Les femmes sont "absolument indispensables" pour reconstruire la Syrie, a affirmé vendredi la directrice générale de l'Organisation internationale pour les migrations (OIM), une agence de l'ONU, Amy Pope.
Jeudi, des centaines de personnes ont manifesté à Damas pour la démocratie et les droits des femmes.
"L'ère du silence est révolue.

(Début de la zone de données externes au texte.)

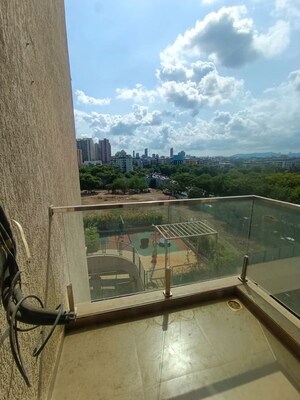 Swimming Pool in 2 BHK Apartment at Neel Sidhi Anexo, Ghansoli – for Rent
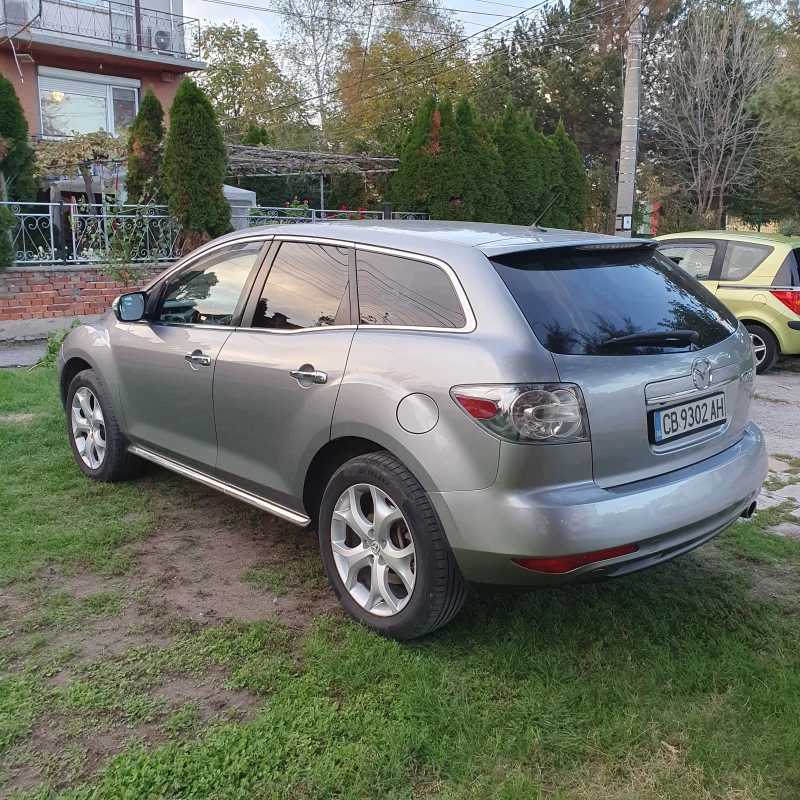 Mazda CX-7 UNIKAT 4X4 EURO 5A FACELIFT-ULTIMATE MZR-CD 2.2D, снимка 3 - Автомобили и джипове - 47871607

Nous serons à l'affût de toute position qui porterait préjudice aux femmes et ne l'accepterons pas", a assuré Majida Moudarres, une manifestante de 50 ans.

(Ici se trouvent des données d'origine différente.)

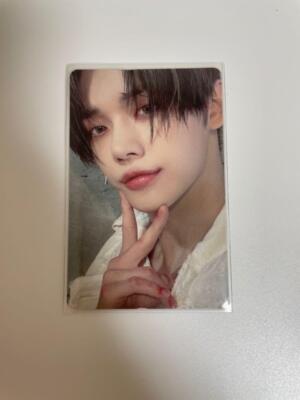 TXT 2nd Album The Chaos Chapter Freeze OFFICIAL PHOTO CARD OS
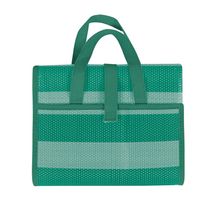 Esteira de Praia Dobrável em Polipropileno 1,80m x 90cm - Turquesa
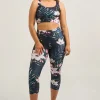 Exotic At Heart Performance - Tummy Control High Waisted Capri Leggings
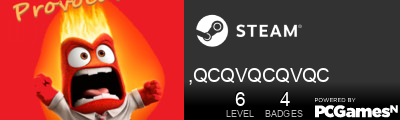 ,QCQVQCQVQC Steam Signature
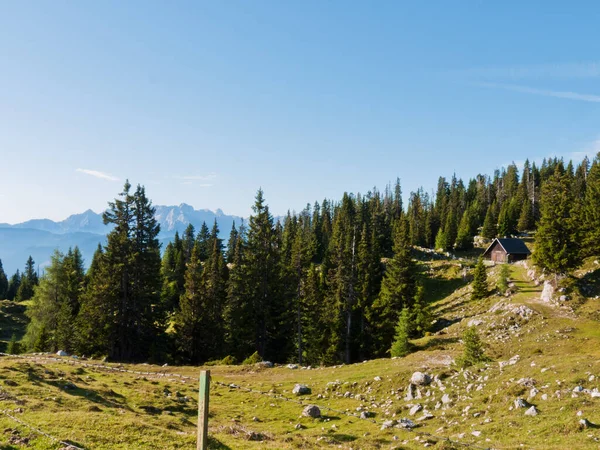 Mountain Landscape Austria Stock Picture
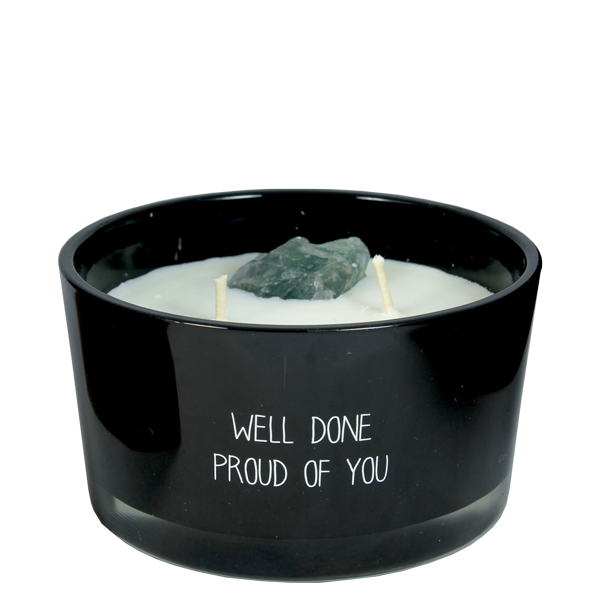 Soy candle Well done Scented candle My Flame Lifestyle Organic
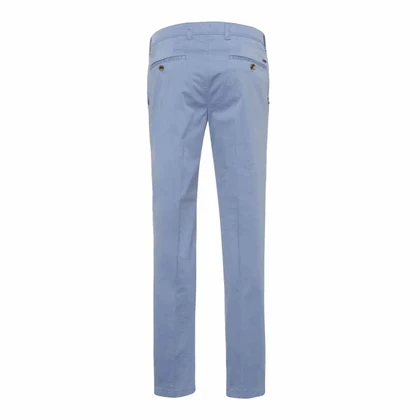 Heren STYLE.JIM-S Flatfront Pantalon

Au même moment, des milliers de personnes manifestaient à Qamichli, dans le nord-est, en soutien aux forces kurdes qui tentent de repousser des offensives de combattants soutenus par la Turquie, alliée du nouveau pouvoir.

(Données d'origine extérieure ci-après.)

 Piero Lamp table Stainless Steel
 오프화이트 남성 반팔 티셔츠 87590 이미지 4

"Nous voulons une Syrie démocratique, où chacun a ses droits", a déclaré Salha Kalach, une Kurde de 50 ans.
Des habitants de la capitale ont reçu sur leur téléphone portable des messages adressés au "peuple de Damas, ville de jasmin", les invitant à participer vendredi au "festival de la libération" sur la place des Omeyyades, au coeur de la ville.
- "Un moment historique" -
Les émissaires américains sont arrivés vendredi au siège d'Ahmad al-Chareh, de son nom de guerre Abou Mohammad al-Jolani, le nouvel homme fort de la Syrie, chef du groupe islamiste radical Hayat Tahrir al-Sham (HTS) classé comme terroriste par plusieurs pays dont les Etats-Unis.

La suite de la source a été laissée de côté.